I have clips from the speech below. Only a few more will follow. This was a speech that answered the racist and outrageous remarks with the worst kind of high school moral relativism I have heard to date. Much the way children argue, "Well the other kids did it", so Barack tried to explain away the Reverend Wright and the place the Rev and his church play in his life. It left me cold and spoke volumes about who this man is.
Tonight we will hear much about the courage it took to stand by his friend Wright. I, on the other hand think it would have taken far greater courage to walk away from the kind of hate mongering that hardly unites and instead divides. Were he my minister, or even my friend, I would have stood by him, no question, but I would not have remained in his church until the tenor had changed. Instead Barack chose to play to African Americans who believe this kind of talk ... while asking white America to understand by ... invoking race.

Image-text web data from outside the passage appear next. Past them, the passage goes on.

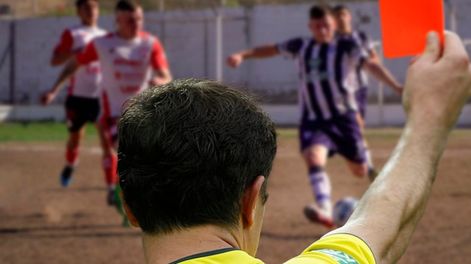 Los Andes | Un conflicto gremial desató un frente de tormenta inesperado en la Liga Mendocina de Fútbol. “Es un manotazo de ahogado de Marconi”, deslizó ACAMA.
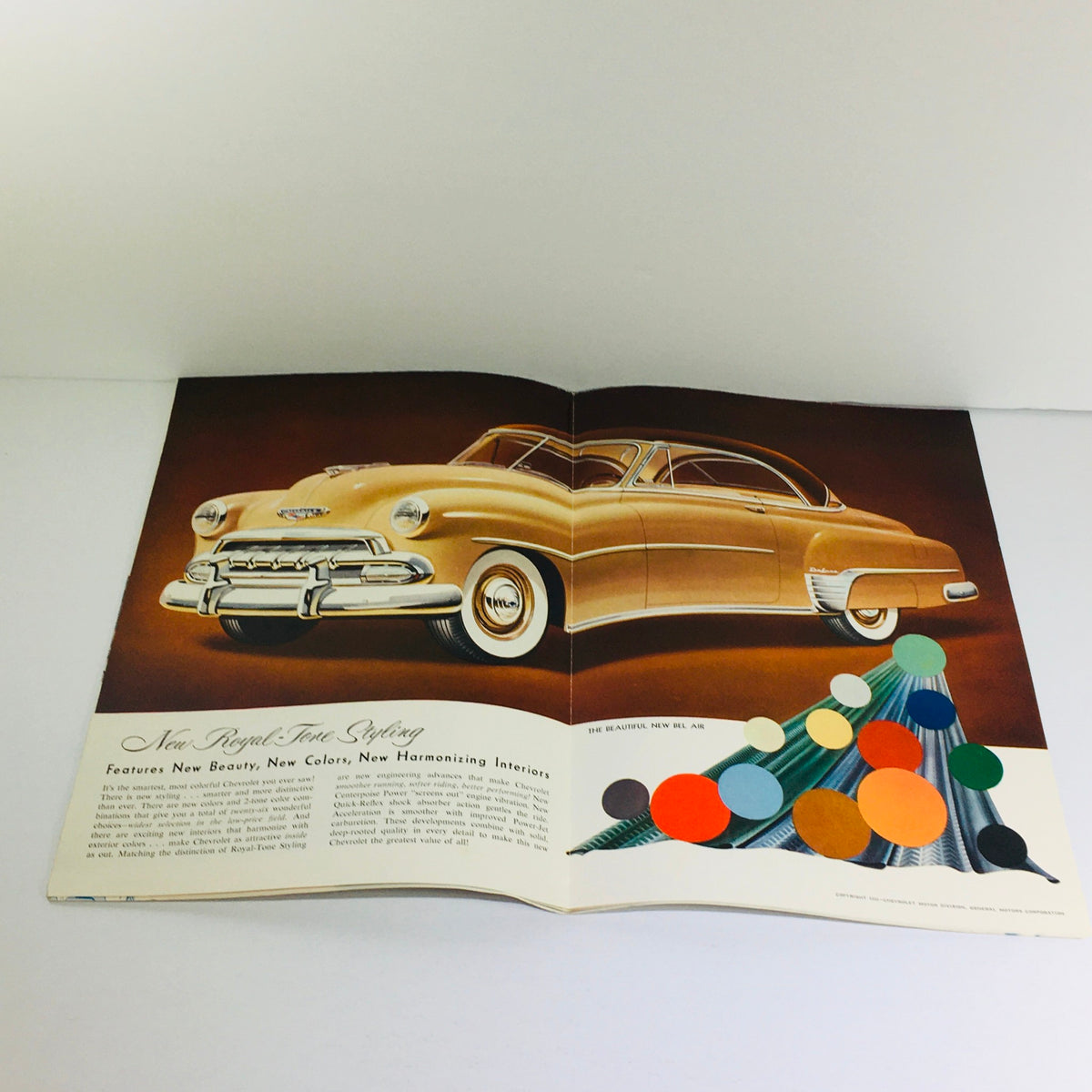 Vtg 1952 Chevrolet Bel Air fleetline full line auto car sales catalog brochure showcasing a beautiful vintage car design and color samples.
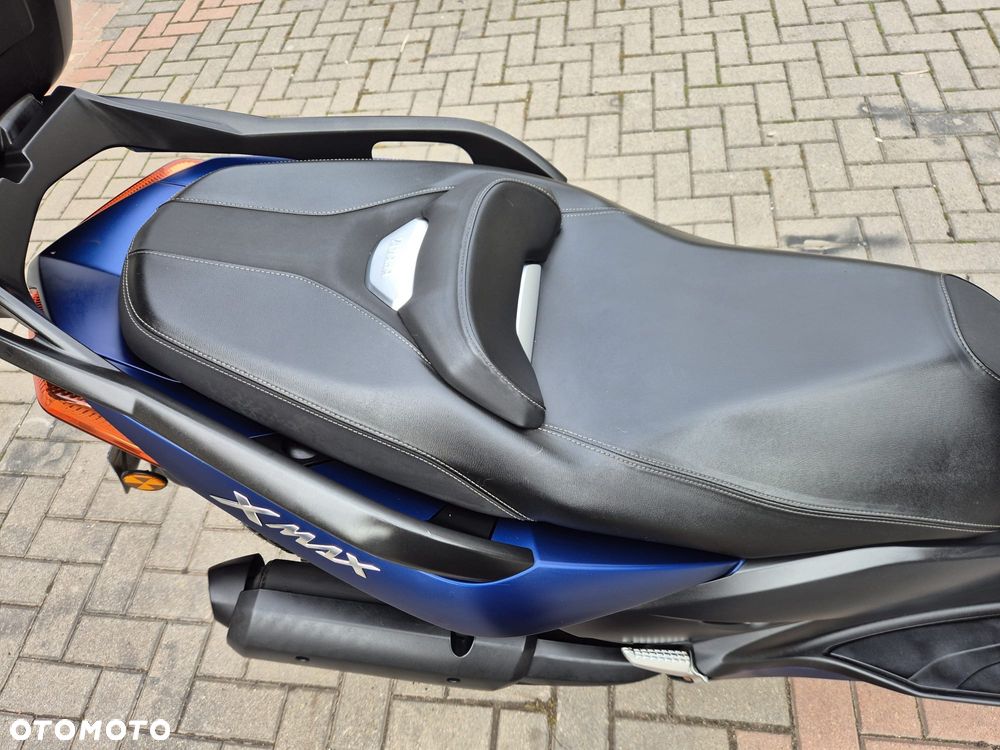 Yamaha X-max - 10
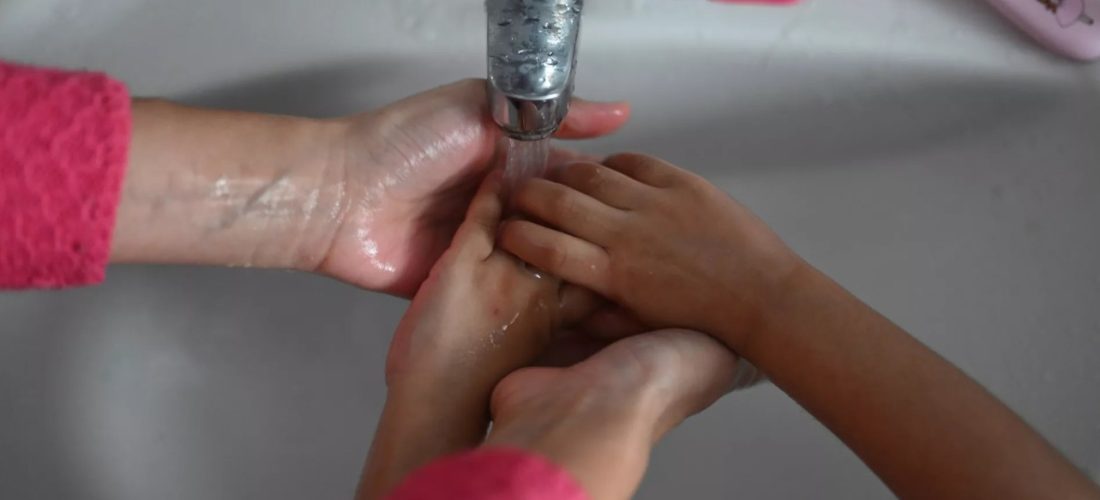 Këshilla për t’u mësuar fëmijëve larjen e duarve si zakon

Sure what the Reverend said was bad ... but my Grandma was bad too. Sure the Trinity Church is angry ... but you white folk are angry too.
Rather than condemn and distance, he is asking us to understand at best, excuse at worst, not just deplorable language but an entire belief system that seems hate centered, because of the Reverend's unique black experience.
The danger here is that this kind of moral relativism will be used in the future to excuse racism by all. All we need to is invoke our backgroud, or our personal experiences, or better yet, the experiences of generations we never knew. This was a chance for Barack Obama to make a stand for a new America: One that will not excuse this kind of hate mongering from anyone. Instead, it was a return to the same old same old.